▸ WHAT YOU NEED TO DO
Retype the records in full, and please keep the pictures out of the copy.
· · · · · · ·
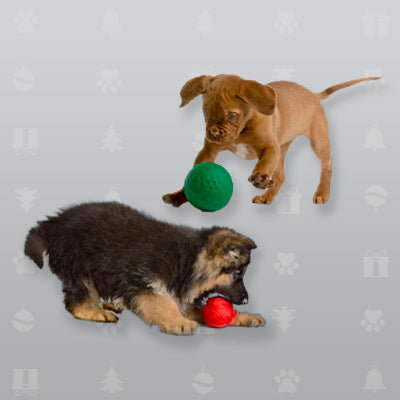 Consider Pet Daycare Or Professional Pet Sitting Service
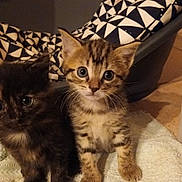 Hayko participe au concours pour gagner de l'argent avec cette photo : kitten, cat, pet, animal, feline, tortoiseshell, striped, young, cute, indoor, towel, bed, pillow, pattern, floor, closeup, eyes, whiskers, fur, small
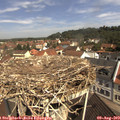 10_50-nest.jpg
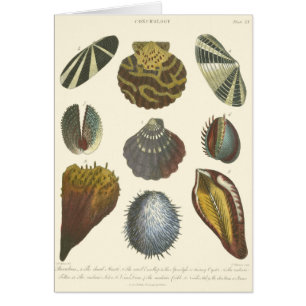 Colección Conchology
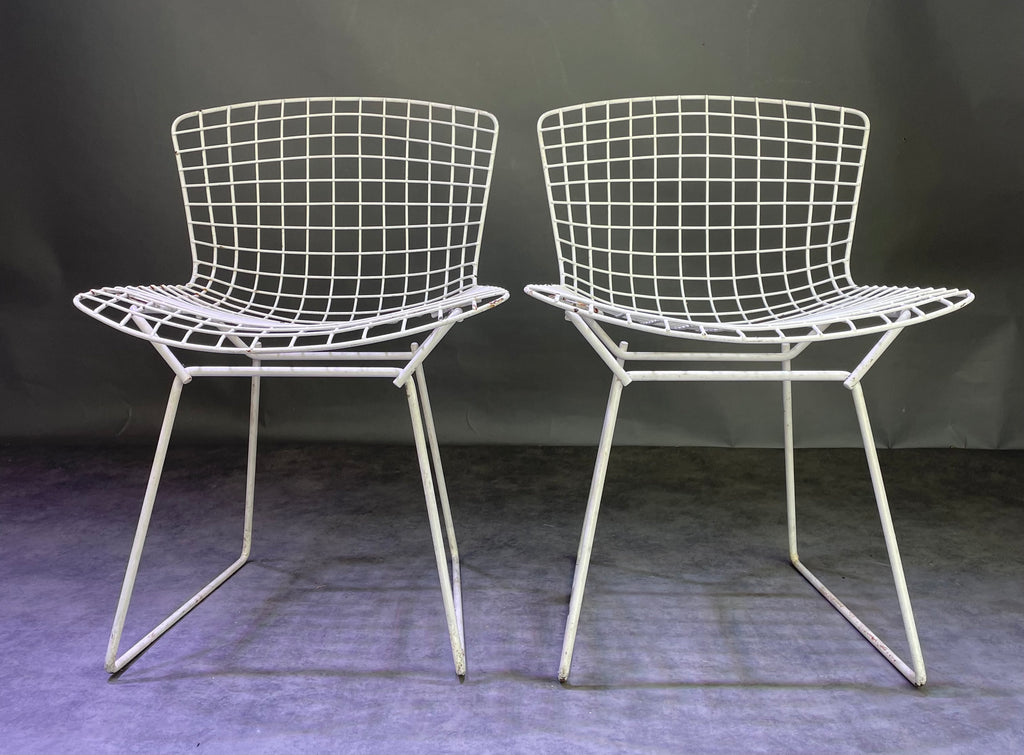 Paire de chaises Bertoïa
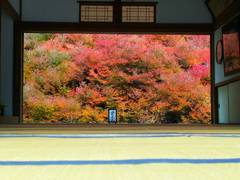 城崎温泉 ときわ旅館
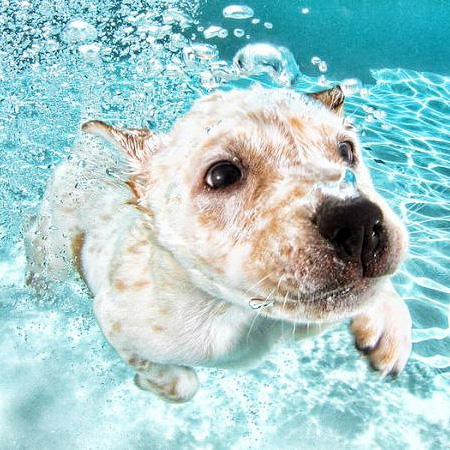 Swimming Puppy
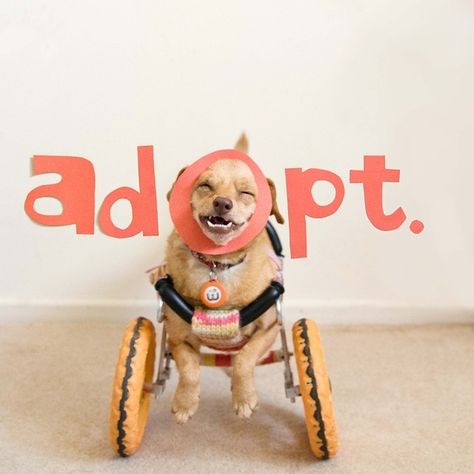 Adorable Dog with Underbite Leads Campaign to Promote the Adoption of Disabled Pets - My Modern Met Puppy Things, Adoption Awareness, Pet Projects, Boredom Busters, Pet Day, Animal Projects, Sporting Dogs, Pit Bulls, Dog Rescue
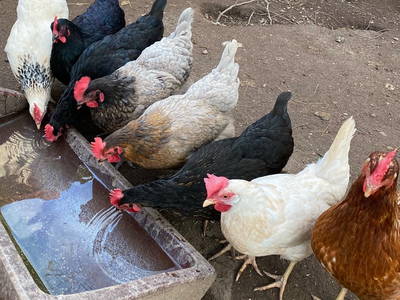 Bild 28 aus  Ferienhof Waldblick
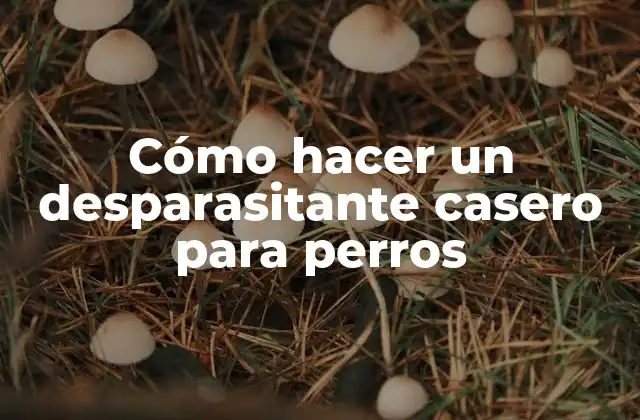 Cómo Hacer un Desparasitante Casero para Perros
· · · · · · ·
▸ WRITTEN ANSWER
 Consider Pet Daycare Or Professional Pet Sitting Service
 Hayko participe au concours pour gagner de l'argent avec cette photo : kitten, cat, pet, animal, feline, tortoiseshell, striped, young, cute, indoor, towel, bed, pillow, pattern, floor, closeup, eyes, whiskers, fur, small
 10_50-nest.jpg
 Colección Conchology
 Paire de chaises Bertoïa
 城崎温泉 ときわ旅館
 Swimming Puppy
 Adorable Dog with Underbite Leads Campaign to Promote the Adoption of Disabled Pets - My Modern Met Puppy Things, Adoption Awareness, Pet Projects, Boredom Busters, Pet Day, Animal Projects, Sporting Dogs, Pit Bulls, Dog Rescue
 Bild 28 aus  Ferienhof Waldblick
 Cómo Hacer un Desparasitante Casero para Perros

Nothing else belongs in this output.